Sentí algo helado aposentándose en mis huesos.

—Así que la historia de Tourneur es mentira —musité.

La anciana alzó las cejas, pillada por sorpresa ante aquella inexplicable asociación de ideas.

—¿Por qué dice eso?

—Amerika —murmuré, paladeando cada sílaba—. Ese es el pueblecito al que Rilke acudía cada invierno para visitar a su madre, ¿verdad? El mismo en el que Tourneur conoció a Kitty Frances, el mismo en el que se retiró June Caprice después de simular su muerte. ¿Verdad?

—Creí que a estas alturas usted ya lo sabría. ¿Qué tiene eso que ver con que la historia de Tourneur sea mentira?

—Todo —dije, en un susurro que dejaba traslucir mi consternación, si no mi rabia—. Me parece que en la vida de Rilke ya hay demasiadas casualidades como para pensar que esto también lo es.

—Puede ser —replicó la anciana—. Quizá tenga usted razón y la historia de Tourneur sea mentira. O quizá el señor Rilke descubrió aquella anécdota y eso lo animó a creer que había algo más profundo detrás de esa historia, en el hecho de que alguien hubiera sido tan dichoso como él en el mismo pueblecito donde pasó los momentos más felices de su vida. No es tan raro.

—Pero ni usted misma se va a tragar eso, ¿verdad?

La anciana me miró, desafiante. Pero no dijo nada.

—¿Sabe una cosa? Nunca dejo de tener la impresión de que hablar con usted es como meterse en una conversación empezada. Siempre estoy a la espera de que me diga cuál es el dato que me falta, y tengo que confesarle que la sensación que me produce no es demasiado agradable.

—Nunca ha sido mi intención hacerle sentir así —replicó.

—Entonces dígame qué es lo que no sé. Olvídese por un momento de las órdenes de Rilke y dígamelo de una vez.

—Usted ya lo sabe —dijo—. El problema es que aún no sabe que lo sabe.

—Váyase al cuerno —repliqué—. Ahora es usted la que habla como Rilke.

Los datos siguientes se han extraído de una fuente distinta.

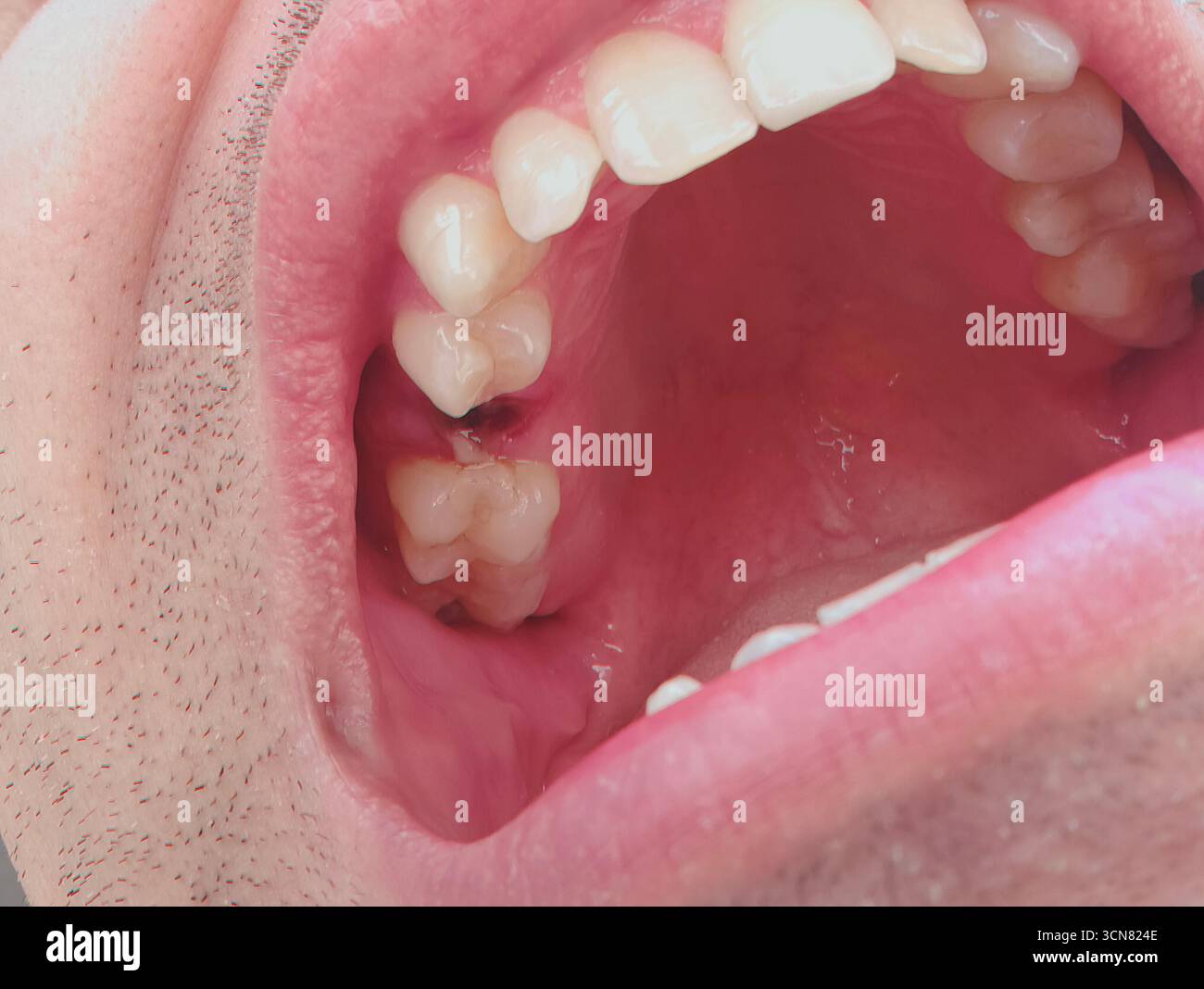 Open Mouth Of A Man With The Place Of A Pulled Out Small Molar Tooth Open Mouth Of A Man With The Place Of A Pulled Out Small Molar Tooth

La anciana sonrió de nuevo, pero era una sonrisa resignada, como si se dispusiese a amonestar a un alumno en el que hubiera depositado una montaña de esperanzas que este se obstinaba en derribar con su conducta caprichosa; luego, con esa expresión resuelta de los ancianos que se saben transitando las últimas revueltas del camino, volvió la mirada hacia aquel jardín enharinado por la luz tenebrosa de los faroles:

—Creo que ya se lo he dicho antes —murmuró—. Soy una muerta. Pero cuando no lo soy, tampoco necesito que el señor Rilke me ordene nada para saber lo que debo decir o no. Lo conozco mejor de lo que me conozco a mí misma como para tener que hacerlo. Haga lo que haga y diga lo que diga, nunca podría esconderse de mí. Después de todo, eso es lo que ocurre cuando solo tienes ojos para el amor de tu vida.